I stood there with my hands still out in disbelief as I stared in his direction. Being the early weeks of March there was so much we didn’t know…but I knew enough. Suddenly, I felt a cool wet feeling in one of my hands. The minister of music had pulled a bottle out of hand sanitizer (At the time I was convinced was the last known bottle in a 100-mile radius) and was squeezing the liquid into my hand.
I smiled a thank you.
About 48-hours later, the whole country was shut down.
As of today, we’ve been “sheltered-in” our house for 42 straight days. The only outings have been necessary store runs, a closed windowed-scenic drive, a walk in an empty park, and a “drive-by” visit to the grandparents’.
I get it. You’re tired of seeing the inside of your house. You’re tired of doing your own hair. You’re tired of watching church online. You’re tired of not being able to go into your favorite store or sit-down and eat at your favorite restaurant. All while you have convinced yourselves that all of the licensed, board-certified medical professionals have somehow had a worldwide meeting with the grand plan to keep you in your house.

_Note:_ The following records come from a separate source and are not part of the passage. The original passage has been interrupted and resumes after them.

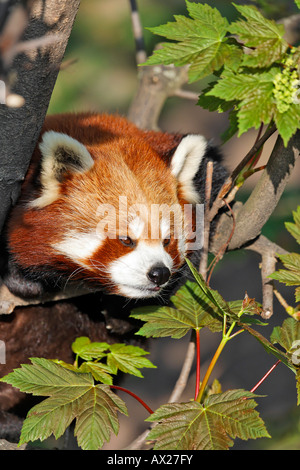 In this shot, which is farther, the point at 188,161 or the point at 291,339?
the point at 188,161

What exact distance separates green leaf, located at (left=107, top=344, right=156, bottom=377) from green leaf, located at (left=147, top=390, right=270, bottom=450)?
0.35 metres

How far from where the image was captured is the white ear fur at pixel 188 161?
108 inches

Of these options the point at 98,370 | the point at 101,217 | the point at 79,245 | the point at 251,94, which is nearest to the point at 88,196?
the point at 101,217

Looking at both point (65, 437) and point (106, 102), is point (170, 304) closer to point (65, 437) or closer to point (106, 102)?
point (65, 437)

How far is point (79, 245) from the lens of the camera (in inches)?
104

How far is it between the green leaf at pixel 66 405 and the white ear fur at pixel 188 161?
3.64 feet

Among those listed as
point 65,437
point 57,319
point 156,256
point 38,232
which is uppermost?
point 156,256

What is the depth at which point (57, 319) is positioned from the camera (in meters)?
3.33

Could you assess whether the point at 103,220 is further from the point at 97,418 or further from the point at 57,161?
the point at 97,418

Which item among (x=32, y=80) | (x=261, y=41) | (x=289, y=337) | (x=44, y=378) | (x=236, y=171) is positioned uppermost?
(x=261, y=41)

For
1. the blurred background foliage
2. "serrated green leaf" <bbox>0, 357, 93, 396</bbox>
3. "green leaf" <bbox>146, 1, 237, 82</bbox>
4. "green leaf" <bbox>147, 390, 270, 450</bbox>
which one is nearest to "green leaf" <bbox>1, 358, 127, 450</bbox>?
"serrated green leaf" <bbox>0, 357, 93, 396</bbox>

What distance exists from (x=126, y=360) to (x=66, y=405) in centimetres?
44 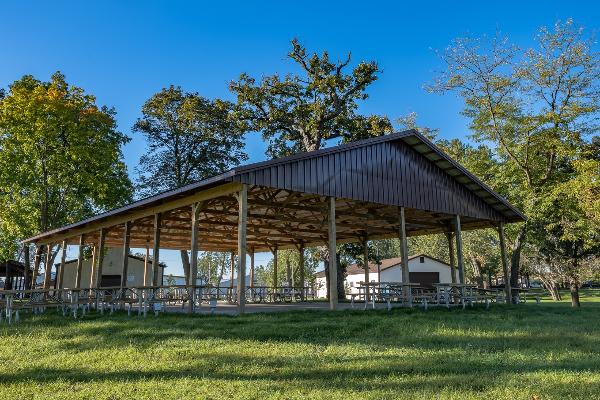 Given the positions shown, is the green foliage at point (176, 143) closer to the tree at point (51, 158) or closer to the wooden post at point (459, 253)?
the tree at point (51, 158)

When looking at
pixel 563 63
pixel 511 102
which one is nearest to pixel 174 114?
pixel 511 102

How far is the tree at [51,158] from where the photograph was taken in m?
25.9

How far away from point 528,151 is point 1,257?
29846 mm

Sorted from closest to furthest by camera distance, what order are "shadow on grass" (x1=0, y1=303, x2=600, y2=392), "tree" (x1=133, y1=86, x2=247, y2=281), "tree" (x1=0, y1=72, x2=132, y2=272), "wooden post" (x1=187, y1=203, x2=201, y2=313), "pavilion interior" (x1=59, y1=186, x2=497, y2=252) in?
"shadow on grass" (x1=0, y1=303, x2=600, y2=392)
"wooden post" (x1=187, y1=203, x2=201, y2=313)
"pavilion interior" (x1=59, y1=186, x2=497, y2=252)
"tree" (x1=0, y1=72, x2=132, y2=272)
"tree" (x1=133, y1=86, x2=247, y2=281)

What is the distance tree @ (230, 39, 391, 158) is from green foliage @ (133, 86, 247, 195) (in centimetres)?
524

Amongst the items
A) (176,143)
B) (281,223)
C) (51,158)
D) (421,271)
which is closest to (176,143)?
(176,143)

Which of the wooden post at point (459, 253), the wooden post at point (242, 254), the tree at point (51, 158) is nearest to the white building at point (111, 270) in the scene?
the tree at point (51, 158)

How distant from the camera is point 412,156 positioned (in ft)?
56.4

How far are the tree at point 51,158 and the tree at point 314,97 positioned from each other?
896 cm

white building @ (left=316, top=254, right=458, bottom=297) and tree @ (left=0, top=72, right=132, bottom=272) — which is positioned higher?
tree @ (left=0, top=72, right=132, bottom=272)

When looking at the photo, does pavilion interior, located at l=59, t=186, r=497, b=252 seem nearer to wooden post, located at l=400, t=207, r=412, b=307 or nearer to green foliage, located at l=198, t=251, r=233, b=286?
wooden post, located at l=400, t=207, r=412, b=307

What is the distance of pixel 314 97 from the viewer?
3061 cm

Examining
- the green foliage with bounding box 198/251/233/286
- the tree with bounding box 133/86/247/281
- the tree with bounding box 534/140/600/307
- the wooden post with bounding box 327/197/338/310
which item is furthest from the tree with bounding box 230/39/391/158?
the green foliage with bounding box 198/251/233/286

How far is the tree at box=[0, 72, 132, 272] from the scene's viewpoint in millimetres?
25859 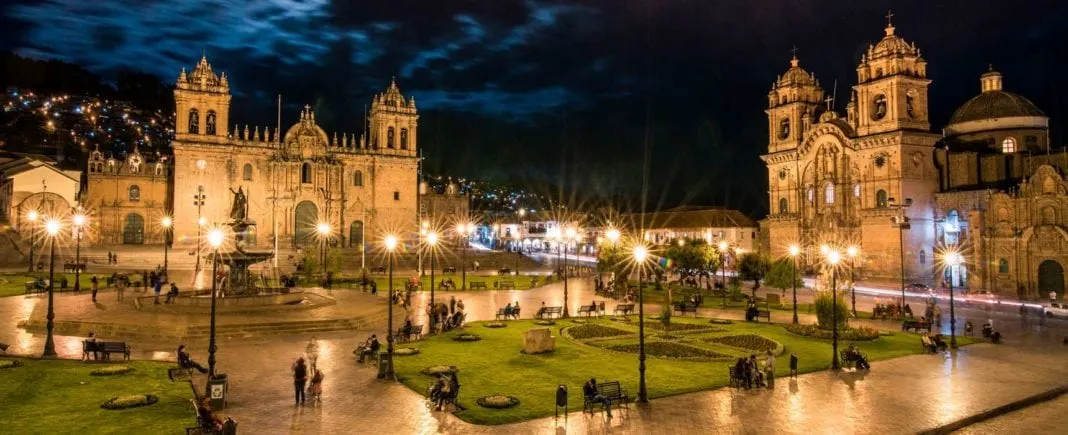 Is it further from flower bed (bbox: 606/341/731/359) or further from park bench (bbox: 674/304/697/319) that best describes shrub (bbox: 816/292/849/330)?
park bench (bbox: 674/304/697/319)

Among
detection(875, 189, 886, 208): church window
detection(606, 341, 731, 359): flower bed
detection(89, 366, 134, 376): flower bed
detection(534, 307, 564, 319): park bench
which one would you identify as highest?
detection(875, 189, 886, 208): church window

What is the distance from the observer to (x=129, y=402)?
49.5ft

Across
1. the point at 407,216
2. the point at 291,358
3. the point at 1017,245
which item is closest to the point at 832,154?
the point at 1017,245

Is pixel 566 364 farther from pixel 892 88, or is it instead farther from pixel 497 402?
pixel 892 88

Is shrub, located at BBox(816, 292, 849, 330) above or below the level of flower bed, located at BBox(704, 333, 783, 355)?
above

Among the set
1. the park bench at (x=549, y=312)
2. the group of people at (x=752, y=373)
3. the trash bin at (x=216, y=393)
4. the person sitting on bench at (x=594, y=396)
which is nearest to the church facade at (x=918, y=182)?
the park bench at (x=549, y=312)

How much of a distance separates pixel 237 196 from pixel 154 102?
419 feet

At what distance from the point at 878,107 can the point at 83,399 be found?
202 feet

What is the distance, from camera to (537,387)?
18.0 meters

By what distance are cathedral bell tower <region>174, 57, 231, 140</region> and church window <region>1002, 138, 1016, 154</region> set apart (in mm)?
75638

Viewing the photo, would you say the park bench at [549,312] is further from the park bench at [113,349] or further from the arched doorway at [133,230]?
the arched doorway at [133,230]

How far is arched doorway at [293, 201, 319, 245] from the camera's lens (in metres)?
69.8

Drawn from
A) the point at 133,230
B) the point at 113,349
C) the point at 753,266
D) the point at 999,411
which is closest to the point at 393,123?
the point at 133,230

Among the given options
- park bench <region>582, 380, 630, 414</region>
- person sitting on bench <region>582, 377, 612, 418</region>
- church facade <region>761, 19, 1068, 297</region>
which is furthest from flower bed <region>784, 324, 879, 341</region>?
church facade <region>761, 19, 1068, 297</region> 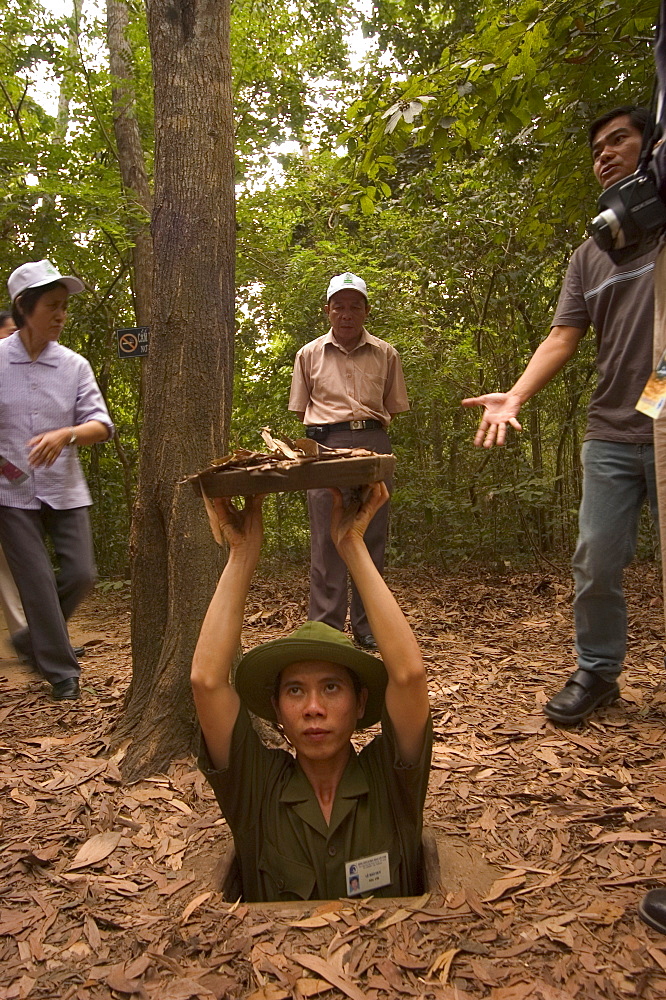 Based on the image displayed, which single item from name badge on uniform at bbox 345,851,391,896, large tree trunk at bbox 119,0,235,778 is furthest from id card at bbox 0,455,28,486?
name badge on uniform at bbox 345,851,391,896

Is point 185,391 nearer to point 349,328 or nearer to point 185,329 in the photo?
point 185,329

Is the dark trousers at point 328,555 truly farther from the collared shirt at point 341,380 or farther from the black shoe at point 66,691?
the black shoe at point 66,691

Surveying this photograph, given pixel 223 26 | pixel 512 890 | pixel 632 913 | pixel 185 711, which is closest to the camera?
pixel 632 913

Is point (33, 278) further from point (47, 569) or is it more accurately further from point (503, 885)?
point (503, 885)

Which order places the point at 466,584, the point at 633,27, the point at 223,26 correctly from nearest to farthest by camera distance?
the point at 223,26 → the point at 633,27 → the point at 466,584

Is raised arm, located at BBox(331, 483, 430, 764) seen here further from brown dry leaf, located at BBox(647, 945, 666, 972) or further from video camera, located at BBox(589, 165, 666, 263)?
video camera, located at BBox(589, 165, 666, 263)

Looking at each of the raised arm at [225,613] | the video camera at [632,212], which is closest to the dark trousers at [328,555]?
the raised arm at [225,613]

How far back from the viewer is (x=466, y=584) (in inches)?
310

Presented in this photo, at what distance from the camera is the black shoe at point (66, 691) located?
4156 mm

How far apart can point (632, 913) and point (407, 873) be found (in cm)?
66

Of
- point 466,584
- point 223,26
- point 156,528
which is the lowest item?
point 466,584

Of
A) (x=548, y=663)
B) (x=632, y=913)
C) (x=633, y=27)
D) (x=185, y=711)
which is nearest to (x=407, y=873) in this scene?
(x=632, y=913)

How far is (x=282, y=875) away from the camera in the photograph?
2424 millimetres

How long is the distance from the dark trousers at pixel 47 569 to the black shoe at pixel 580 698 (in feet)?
8.17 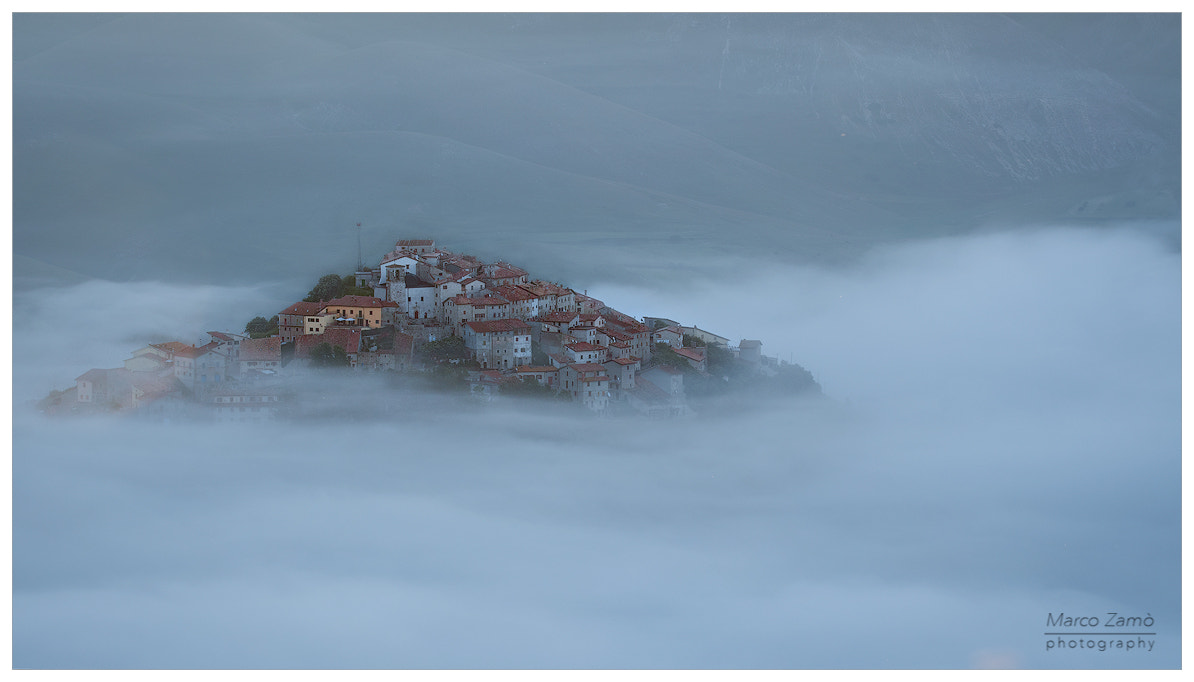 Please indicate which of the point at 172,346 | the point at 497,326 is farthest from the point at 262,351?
the point at 497,326

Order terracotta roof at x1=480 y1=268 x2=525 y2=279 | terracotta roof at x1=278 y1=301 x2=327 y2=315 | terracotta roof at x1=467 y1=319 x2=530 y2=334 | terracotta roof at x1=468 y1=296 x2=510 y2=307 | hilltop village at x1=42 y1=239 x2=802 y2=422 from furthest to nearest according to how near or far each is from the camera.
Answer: terracotta roof at x1=480 y1=268 x2=525 y2=279
terracotta roof at x1=468 y1=296 x2=510 y2=307
terracotta roof at x1=278 y1=301 x2=327 y2=315
terracotta roof at x1=467 y1=319 x2=530 y2=334
hilltop village at x1=42 y1=239 x2=802 y2=422

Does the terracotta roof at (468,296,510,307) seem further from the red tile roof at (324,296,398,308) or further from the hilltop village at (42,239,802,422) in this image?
the red tile roof at (324,296,398,308)

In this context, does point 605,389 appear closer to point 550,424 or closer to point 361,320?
point 550,424

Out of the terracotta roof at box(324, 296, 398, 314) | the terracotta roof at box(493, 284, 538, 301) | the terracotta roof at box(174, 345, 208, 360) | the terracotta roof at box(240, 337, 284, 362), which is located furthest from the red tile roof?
the terracotta roof at box(174, 345, 208, 360)

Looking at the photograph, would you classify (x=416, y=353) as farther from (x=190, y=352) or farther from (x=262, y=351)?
(x=190, y=352)

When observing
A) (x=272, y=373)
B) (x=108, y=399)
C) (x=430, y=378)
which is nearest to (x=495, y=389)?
(x=430, y=378)

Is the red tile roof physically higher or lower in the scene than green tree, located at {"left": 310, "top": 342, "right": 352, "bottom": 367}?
higher

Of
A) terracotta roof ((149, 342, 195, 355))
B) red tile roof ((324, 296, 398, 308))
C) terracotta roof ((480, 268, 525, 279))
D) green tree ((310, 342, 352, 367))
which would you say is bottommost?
green tree ((310, 342, 352, 367))

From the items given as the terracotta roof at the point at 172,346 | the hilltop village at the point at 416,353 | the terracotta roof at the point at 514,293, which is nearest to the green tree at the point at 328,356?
the hilltop village at the point at 416,353

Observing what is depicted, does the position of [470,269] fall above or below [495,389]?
above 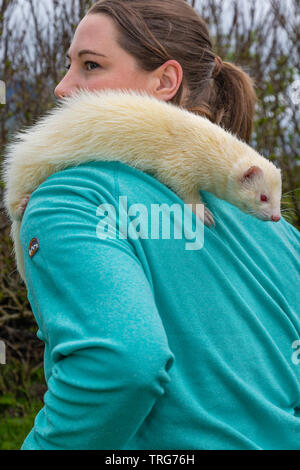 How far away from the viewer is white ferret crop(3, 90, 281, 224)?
1.68 meters

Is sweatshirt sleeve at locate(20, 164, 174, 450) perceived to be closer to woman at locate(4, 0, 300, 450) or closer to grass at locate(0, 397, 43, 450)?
woman at locate(4, 0, 300, 450)

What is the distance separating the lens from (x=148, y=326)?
1.07 meters

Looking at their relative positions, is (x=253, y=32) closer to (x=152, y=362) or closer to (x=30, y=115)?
(x=30, y=115)

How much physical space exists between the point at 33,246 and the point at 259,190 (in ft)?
3.53

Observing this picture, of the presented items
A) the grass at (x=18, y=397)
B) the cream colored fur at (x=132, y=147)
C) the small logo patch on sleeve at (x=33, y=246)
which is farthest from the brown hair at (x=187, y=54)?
the grass at (x=18, y=397)

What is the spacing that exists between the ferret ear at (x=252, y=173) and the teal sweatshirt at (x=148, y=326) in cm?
39

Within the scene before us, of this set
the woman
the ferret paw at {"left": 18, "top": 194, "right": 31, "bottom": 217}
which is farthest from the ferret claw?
the woman

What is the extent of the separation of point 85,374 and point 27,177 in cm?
94

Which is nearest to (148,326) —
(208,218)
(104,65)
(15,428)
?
(208,218)

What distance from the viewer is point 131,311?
1072mm

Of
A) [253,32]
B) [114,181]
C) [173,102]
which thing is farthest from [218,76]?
[253,32]

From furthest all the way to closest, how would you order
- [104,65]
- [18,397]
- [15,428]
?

This demand for states to go back to “business-as-usual”, earlier than they should, is stemming from a type of cabin fever that nobody has experienced literally since the Spanish Flu. And you’re thinking that you’ll be fine, or that you’ll be careful. You’re thinking that you’ll know to refrain from touching your face or be incessant about washing your hands. You’re thinking everyone’s making a big deal out of nothing because everyone will know how to act accordingly.
But me….I keep thinking about that man at my church…the man who didn’t give people a choice about contact, the man who didn’t practice social distancing, the man who was terrible at reading the obvious social cues that people didn’t want greet him in the standard way, the man that I’m pretty sure I heard cough as he rounded the corner, the man who had no idea if he was asymptomatic…
I think about that man….
Because there are more of him than there are of you…. “careful people.”
And frankly, his audacity, and your boredom, are not worth my precious daughter’s life.
This time…I don’t care if you think I’m right.